Contemporary Anti-Caste Utopias: A Dalit Bahujan Discourse of Emancipatory Social Transformation
This panel aims at investigating how the ideas of the historical anti-caste thinkers resonate today in the works of new intellectual leaders, histories, iconography, literature, social movements and oral narratives reproducing and re-actualizing the anti-caste intellectual tradition.
· N. Sukumar Department of Political Science, University of Delhi (New Delhi, India)
· Shailaja Menon School of Liberal Studies / School of Undergraduate Studies, Ambedkar University (New Delhi, India)

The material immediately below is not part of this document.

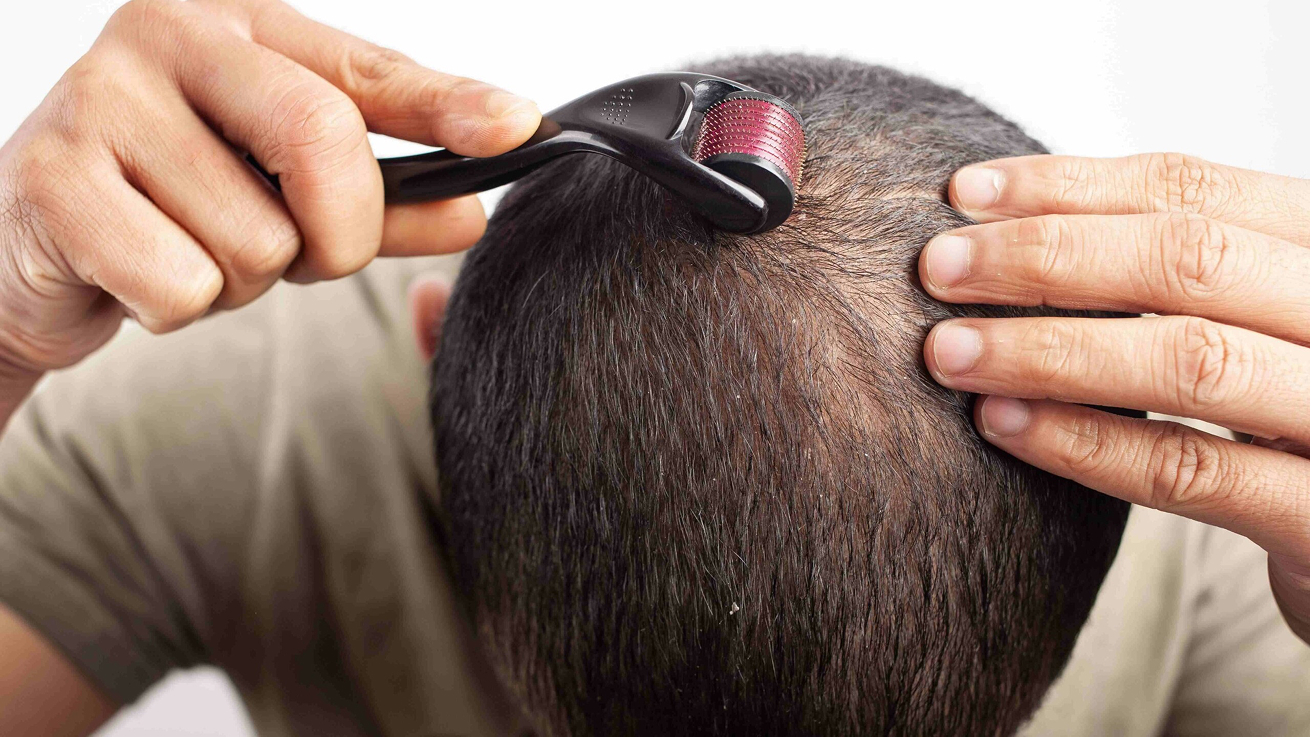 Hair Transplant Image 12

The Real Utopias Project was started in early 1990s by Marxist sociologists in search of alternatives to existing structures of power, privilege and inequality. However, this philosophical framework did not widen its study to diverse categories, dimensions and manifestations of class in different societies outside Western world. This panel intends to critique, engage and expand The Real Utopias Project within a Dalit Bahujan framework of emancipatory social transformation. In a deeply hierarchical Indian society, any notion of equality and self-respect can be considered a fantasy. However, the anti-caste thinkers in India envisioned utopias to contradict their inhuman reality. In the alternate epistemology proposed by Phule, Ambedkar, Periyar, Tarabai Shinde and Rokeya Hussain to name a few, human suffering was foregrounded in ‘here and now’, not in some remote sinful past. In the process, they dwelt on equal resource distribution, a sense of collectivity and a more equitable society. The ideas and works of the historical anti-caste intellectuals have received significant academic attention. However, what needs to be explored further is the reproduction of the anti-caste thought and tradition. What is the relevance of the historical anti-caste thinkers in the present day context? How do their ideas spread and ramify through new thinkers, ideologies and social movements? This panel aims at investigating how the ideas of the historical anti-caste ideologues resonate today in the works of new Dalit Bahujan intellectual leaders, histories, iconography, social movements, oral narratives reproducing and re-actualizing the anti-caste intellectual and political tradition.